Want to buy a railroad?
''If you know of anyone who wants to buy a railroad, please let me know.'' This line about the federal Conrail freight company is typical of Transportation Secretary Elizabeth Dole's campaign to get government's foot off the brake of the nation's transport system.
She said it in Boston during a National Transportation Week swing around the country. The selling of Conrail was part of an agenda including further transport deregulation and stressing safety through incentives rather than mandates.
Attaining the agenda would give the nation a far-reaching test of a diminished federal role in transportation.
It is evident there will be no lack of trying. Secdetary Dole has obviously completed her first three months in office with a buoyant enthusiasm for the effort as well as a lawyerly recognition of the pros and cons that have to be resolved.
Conrail has moved from a loss of $244 million in 1980 to earnings of $174 million in 1982. Next month comes the first mandated report to Congress on the company's future profitability.
So optimistic is the Department of Transportation that Mrs. Dole has begun meeting with Goldman, Sachs and Company, the investment bankers retained to help with the sale.
Despite early opposition from truckers, trucking deregulation has become a fact of life. Mrs. Dole is continuing the process, proposing, for example, complete elimination of the immunity from anti-trust laws that some truckers have enjoyed. Deregulation of water transport is also proceeding.
But deregulation can present problems. There was outcry from various states when the recent 5-cent-a-gallon gasoline tax package included permission for huge double-trailer trucks to use more roads than before.
The secretary pledges the trucks will not be allowed where they are found to present hazards. She cites the ''de-designation'' of some roads that had been opened to them.
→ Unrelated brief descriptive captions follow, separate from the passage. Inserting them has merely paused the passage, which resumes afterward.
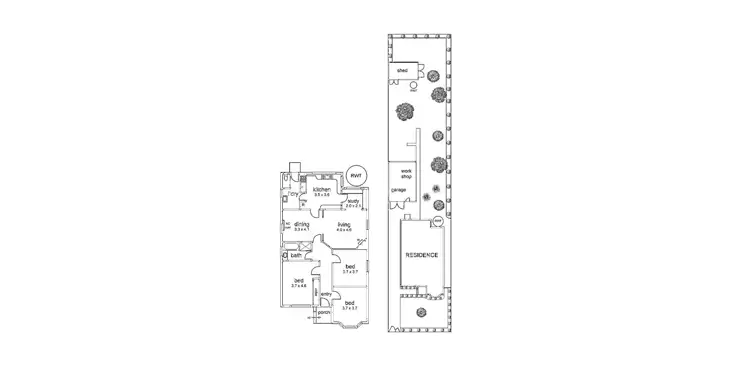 Floorplan of Homely house listing, 41 Service Street, Coburg VIC 3058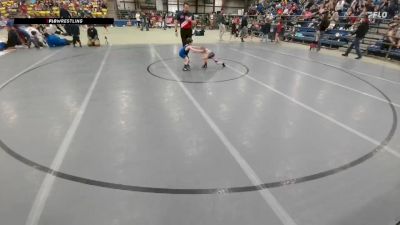 40 lbs Champ. Round 2 - George Klinkhammer, Hot Springs Youth Wrestling vs Connor Fiegen, Douglas Wrestling Club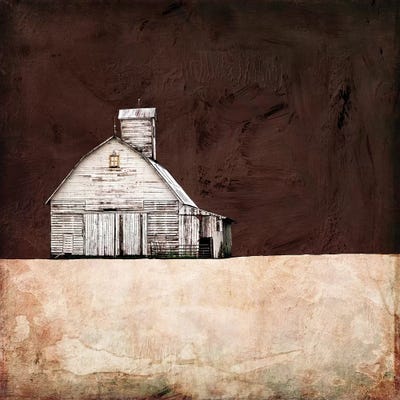 Neutral Brown Farm by Ynon Mabat framed wall art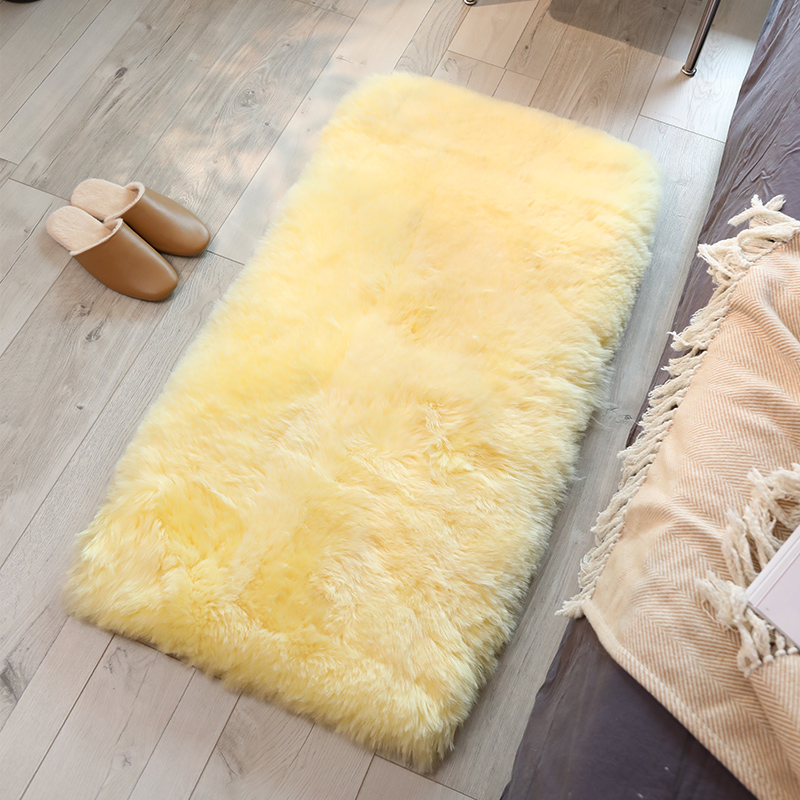 长毛地毯坐垫加厚柔软床边地毯羊毛长方形地垫毯毛毛毯羊皮可定制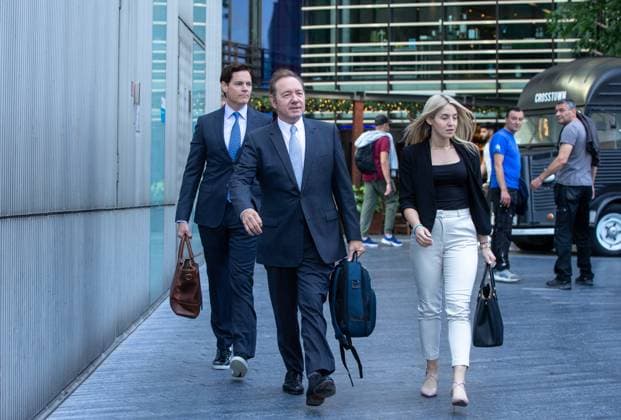 Entertainment Themen der Woche KW29 Entertainment Bilder des Tages July 20, 2023, London, England, United Kingdom: Actor KEVIN SPACEY arrives at Southwark Crown Court in London to stand trial over sexual offence allegations. London United Kingdom - ZUMAs262 20230720_zip_s262_016 Copyright: xTayfunxSalcix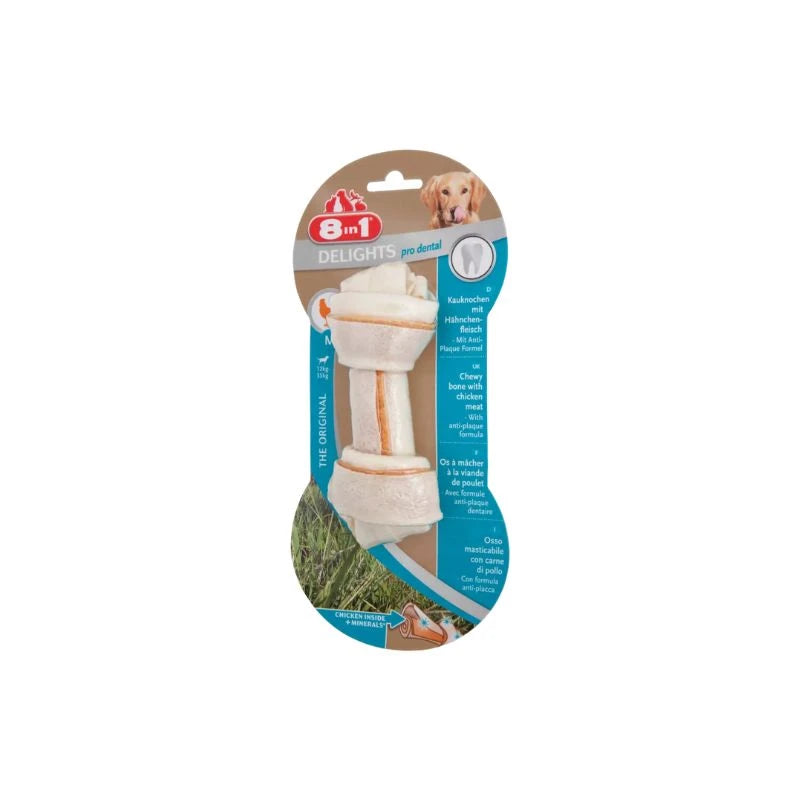 Os à mâcher Dental Delights chien 8in1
Indeed, the top priority on the Dole agenda remains the safety of the public. She cites the $9 billion air traffic-control venture that will eventually double the capacity of US airspace and give airports a virtually ''weather-proof'' system. She cites toughened state laws on drunk driving and federal efforts to support the drive against it.
As for safety devices such as seat belts and air bags, Secretary Dole is all for them. But, again, not by federal mandate. Rather, she favors incentives for installation of automatic devices and for use of optional ones.
She calls on employers to set up safety programs for employees. Her own department brought safety belt use among employees up from 23 percent to 62 percent (against a national average of 13 percent).
Air bags are being encouraged through the example of equipping 5,000 government cars with them.
Retrofit kits are being offered so that police departments, for example, can add air bags to their cars.
The secretary suggests incentives for individuals by having insurance companies offer reduced premiums to users of air bags, for example.
To some safety advocates these may seem like piecemeal efforts after all the years of research showing the effectiveness of various devices - if they are only used. Part of the test of the Dole agenda will be whether people and companies can be persuaded - rather than legislated - into looking out for everybody's best interests.